Without the pictures, write out all the lines below exactly as they appear.

- **DATA BELOW**
*-*-*
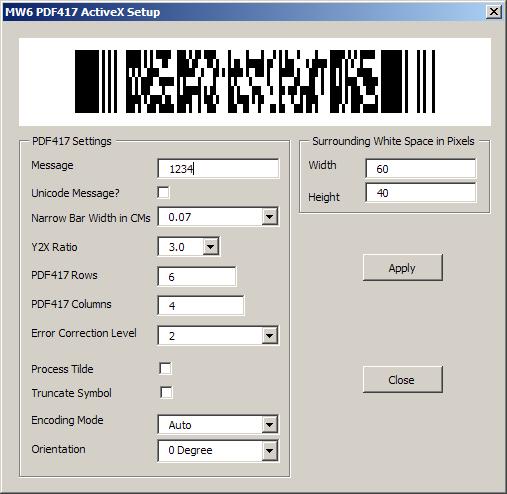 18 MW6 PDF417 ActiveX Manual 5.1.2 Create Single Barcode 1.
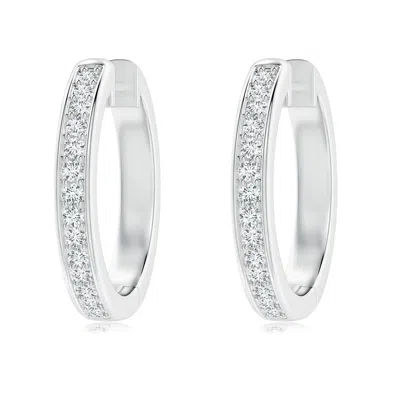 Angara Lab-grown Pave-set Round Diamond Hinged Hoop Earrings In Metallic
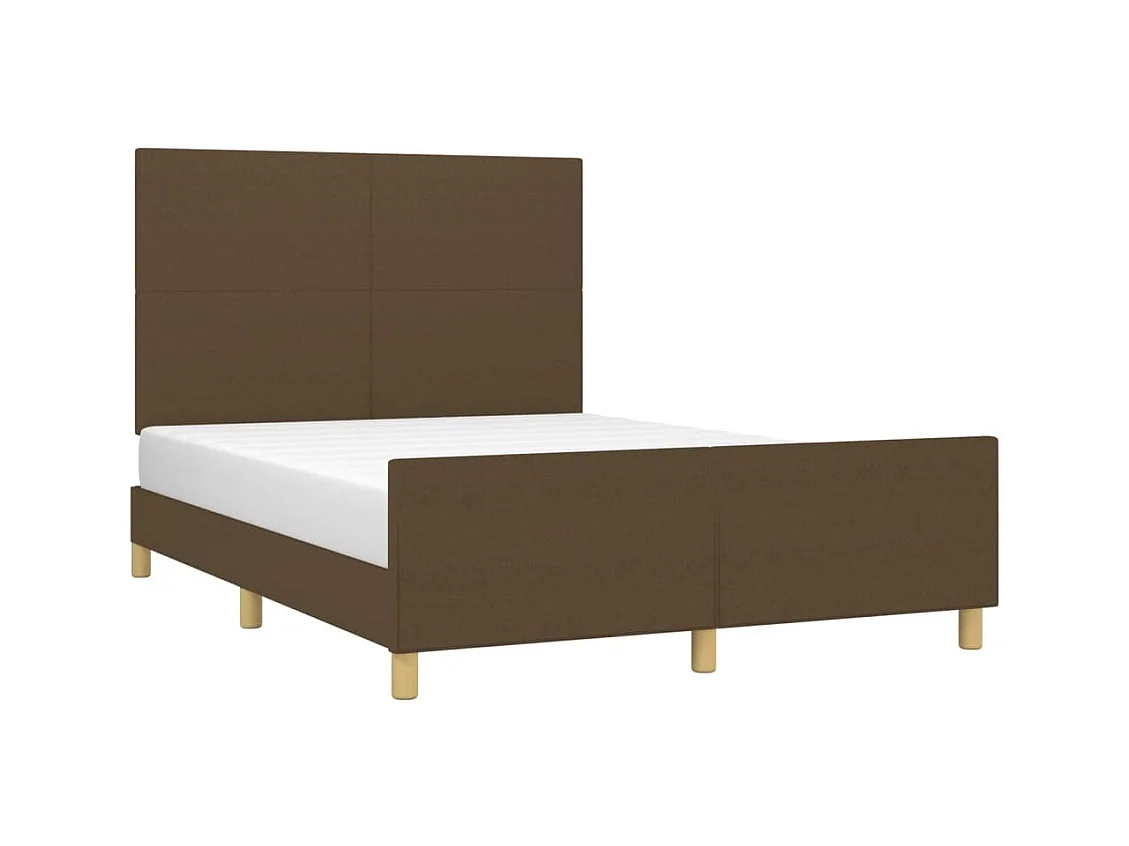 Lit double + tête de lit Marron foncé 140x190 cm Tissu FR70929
*-*-*
- **SOLUTION BELOW**
 18 MW6 PDF417 ActiveX Manual 5.1.2 Create Single Barcode 1.
 Angara Lab-grown Pave-set Round Diamond Hinged Hoop Earrings In Metallic
 Lit double + tête de lit Marron foncé 140x190 cm Tissu FR70929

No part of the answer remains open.